Çocuk Sağlığı ve Hastalıkları Bölümü'nden Prof. Dr. Nalan Karabayır, 1-7 Nisan Ulusal Kanser Haftasına ilişkin yaptığı önemli açıklamalarda anne sütünün faydalarına dikkati çekti. Prof. Dr. Karabayır, "Anne sütü bebeğin yaşamında, doğumundan sonraki belki de en önemli besin kaynağıdır. Ona yaşamındaki en güzel başlangıcı sağlar. Dünyada her yıl 1 milyondan fazla bebek ve çocuk, anne sütü ile beslenemediği için ishal ve solunum yolu başta olmak üzere enfeksiyonlardan dolayı hayatını kaybediyor. Dünya Sağlık Örgütü yaşamın ilk altı ayında bebeklere tek başına anne sütü verilmesini, sonrasında uygun tamamlayıcı gıdalar ile emzirmenin en az iki yaşına kadar sürdürülmesini öneriyor. Emzirme, çocuklara ve annelerine kısa ve uzun vadeli sağlık ve gelişimsel faydalar sunar" dedi.

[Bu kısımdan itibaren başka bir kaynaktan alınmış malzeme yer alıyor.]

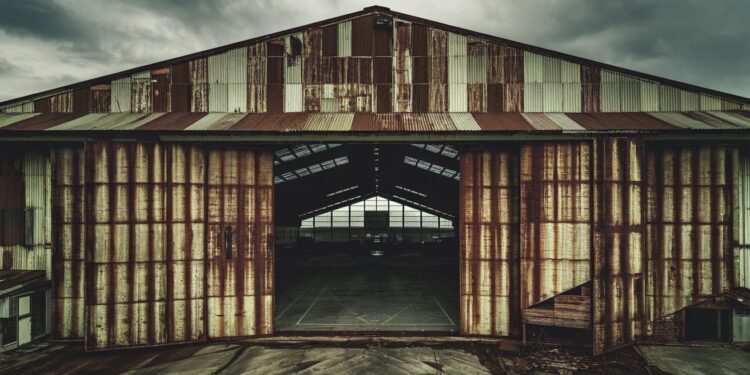 Les autorités colombiennes démentent un rapport de lONU affirmant que 20000 corps de personnes disparues sont conservés dans un hangar daéroport Une controverse qui soulève des questions   Viral Mag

"LÖSEMİ VE LENFOMA RİSKİNİ AZALTIYOR"
Prof. Dr. Karabayır, anne sütündeki bazı maddelerin kanser hücrelerinin çoğalmasını engellediğine ilişkin bilimsel çalışmaların olduğunu belirterek, şu bilgileri verdi: "Nitekim hiç emzirilmeyenlere göre özellikle 6 aydan daha uzun süre emzirilen bebeklerin çocukluk çağı lösemi ve lenfoma riskini azalttığı saptandı. Anne sütünün içerdiği çok sayıda immünolojik olarak etkin madde ve kök hücreler ile aktif bağışıklığı geliştirerek lösemiden koruduğu düşünülüyor. Anne sütü ile beslenme anneyi de kanserden korur. Bir yıldan uzun süre emzirmek kadınlarda meme ve yumurtalık kanseri riskini belirgin oranda azaltır. Doğum yapan kadınların dahil edildiği bir çalışmada emzirenlerin emzirmeyenlere göre rahim kanserine yakalanma riski yüzde 11 daha az bulunmuş olup, bu etkinin özellikle emzirme süresi 6-9 ayı aştığında belirgin olduğu saptandı. Sonuç olarak anne sütü bebeğin optimal büyümesini sağlarken içerdiği eşsiz maddelerle bağışıklığı güçlendirmekte, hem bebek hem de anneyi enfeksiyon ve kanserden korumaktadır. Bu nedenle bebeklerin en az 2 yaşına kadar anne sütüyle beslenmesi desteklenmelidir."